** Work order **
Return each line of the listing that has the word "Image" in it.

BEGIN Exercise materials

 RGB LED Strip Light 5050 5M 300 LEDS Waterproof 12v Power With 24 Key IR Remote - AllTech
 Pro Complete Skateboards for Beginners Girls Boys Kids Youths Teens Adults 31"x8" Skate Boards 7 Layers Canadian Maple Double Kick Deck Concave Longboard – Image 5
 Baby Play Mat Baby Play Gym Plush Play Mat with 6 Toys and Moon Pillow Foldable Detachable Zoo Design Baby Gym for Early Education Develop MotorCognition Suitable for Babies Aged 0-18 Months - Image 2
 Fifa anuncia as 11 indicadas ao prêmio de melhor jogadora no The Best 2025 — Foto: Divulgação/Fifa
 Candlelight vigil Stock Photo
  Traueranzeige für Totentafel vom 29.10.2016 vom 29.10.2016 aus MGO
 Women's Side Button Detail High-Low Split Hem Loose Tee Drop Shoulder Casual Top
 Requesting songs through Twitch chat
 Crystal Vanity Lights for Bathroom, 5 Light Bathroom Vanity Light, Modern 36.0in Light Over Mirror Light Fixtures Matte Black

END Exercise materials
BEGIN Exercise materials

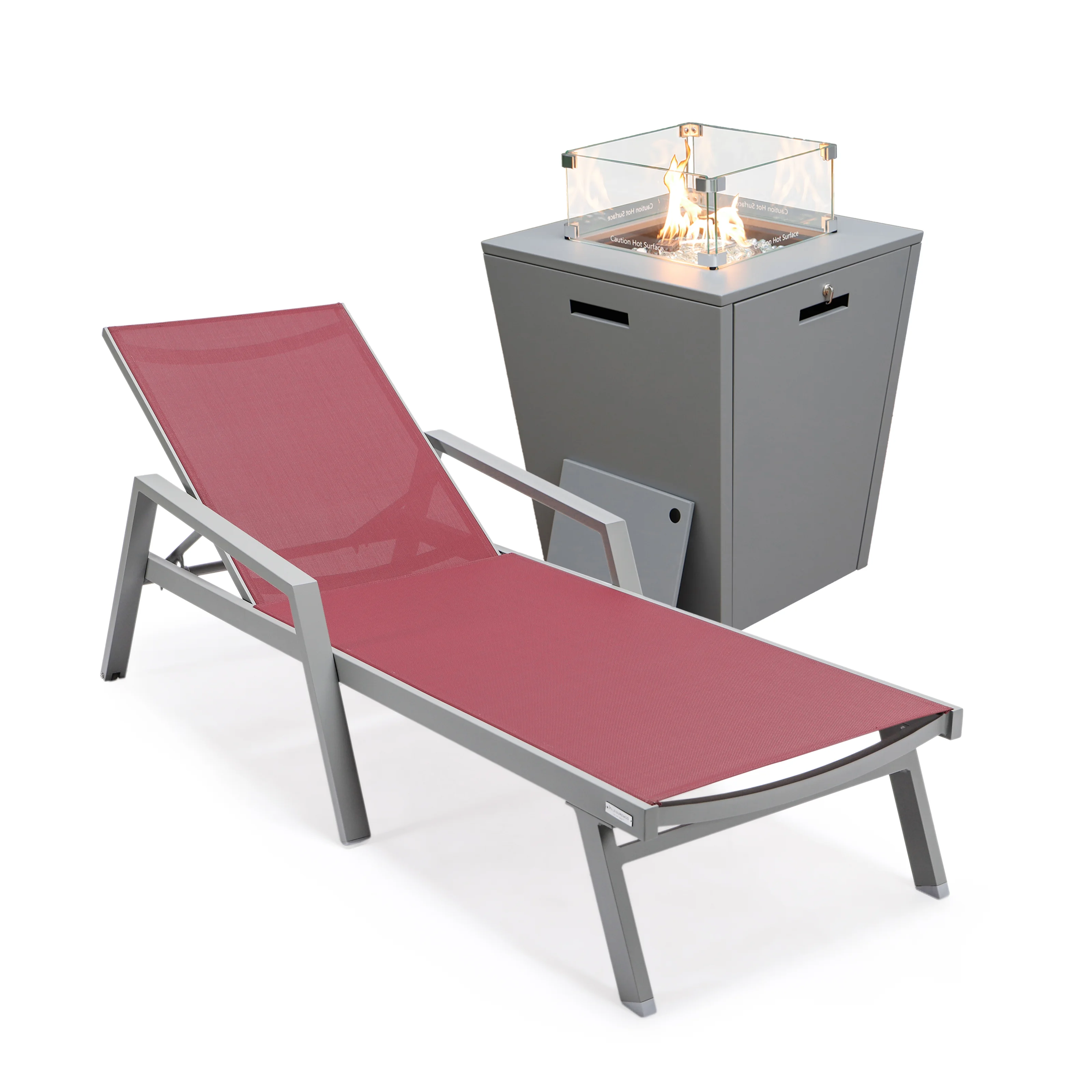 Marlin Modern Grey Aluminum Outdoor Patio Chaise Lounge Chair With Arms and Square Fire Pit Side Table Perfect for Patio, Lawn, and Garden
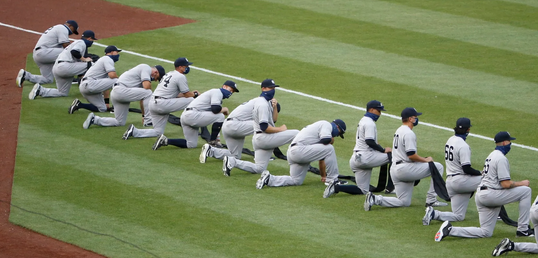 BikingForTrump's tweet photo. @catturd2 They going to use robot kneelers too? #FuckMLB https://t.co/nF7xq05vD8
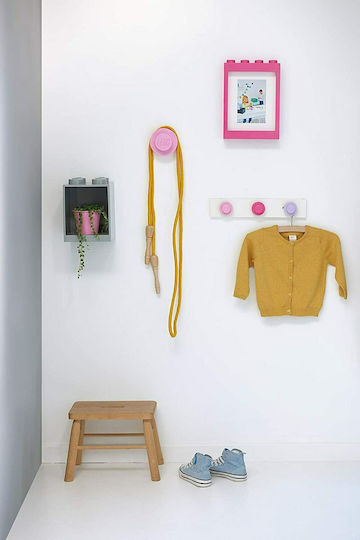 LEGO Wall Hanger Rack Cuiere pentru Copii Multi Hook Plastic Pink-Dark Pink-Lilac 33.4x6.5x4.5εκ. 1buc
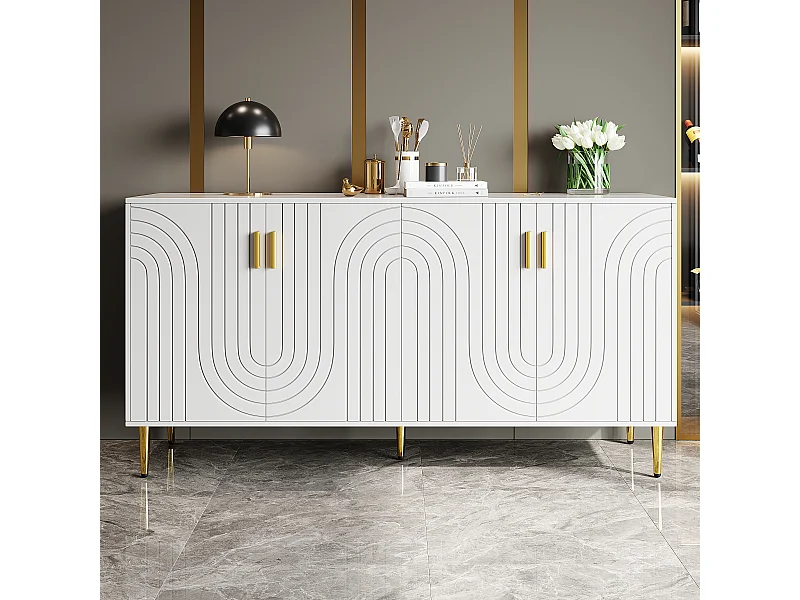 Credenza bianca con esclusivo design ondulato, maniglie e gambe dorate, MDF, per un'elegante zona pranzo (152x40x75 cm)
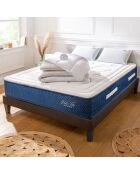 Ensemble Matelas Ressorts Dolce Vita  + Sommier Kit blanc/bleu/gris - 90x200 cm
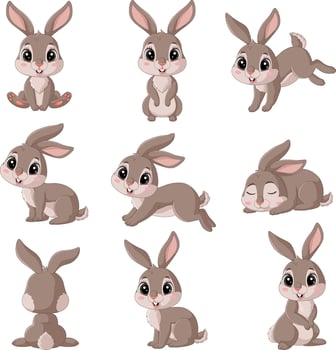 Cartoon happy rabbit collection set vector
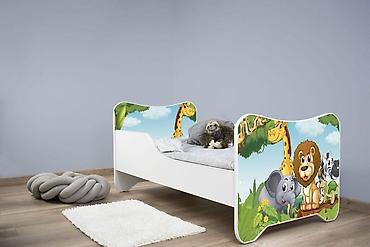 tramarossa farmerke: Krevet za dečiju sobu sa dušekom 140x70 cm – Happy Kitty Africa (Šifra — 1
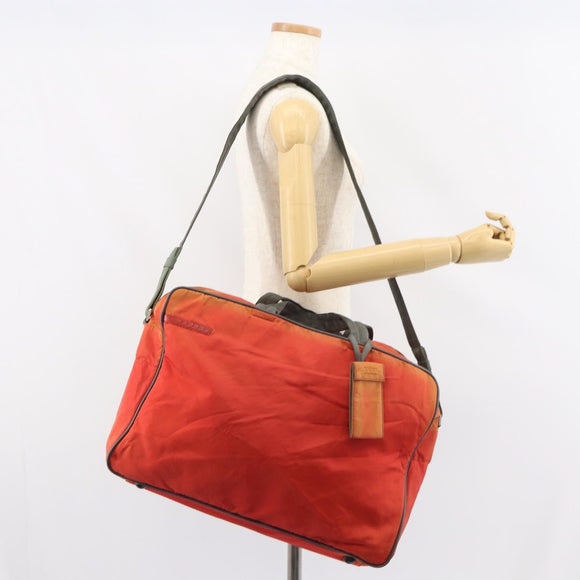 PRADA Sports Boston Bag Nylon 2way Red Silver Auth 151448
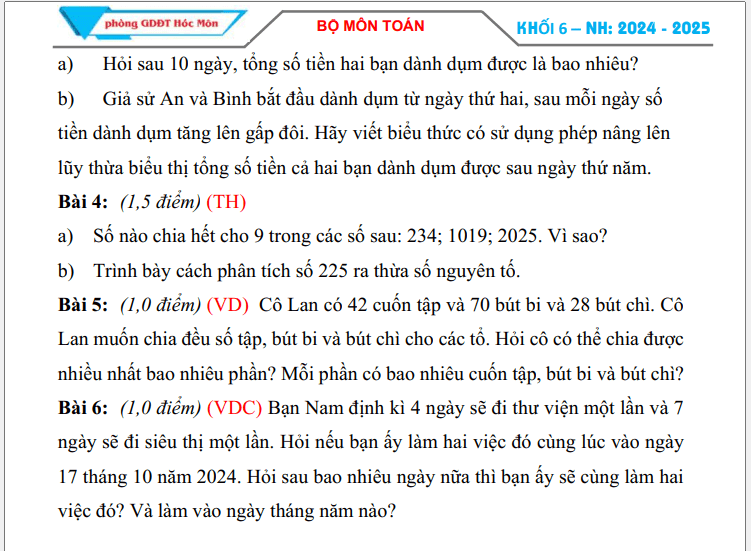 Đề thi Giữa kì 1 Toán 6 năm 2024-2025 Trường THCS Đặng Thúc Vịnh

END Exercise materials

** Your response **
 Pro Complete Skateboards for Beginners Girls Boys Kids Youths Teens Adults 31"x8" Skate Boards 7 Layers Canadian Maple Double Kick Deck Concave Longboard – Image 5
 Baby Play Mat Baby Play Gym Plush Play Mat with 6 Toys and Moon Pillow Foldable Detachable Zoo Design Baby Gym for Early Education Develop MotorCognition Suitable for Babies Aged 0-18 Months - Image 2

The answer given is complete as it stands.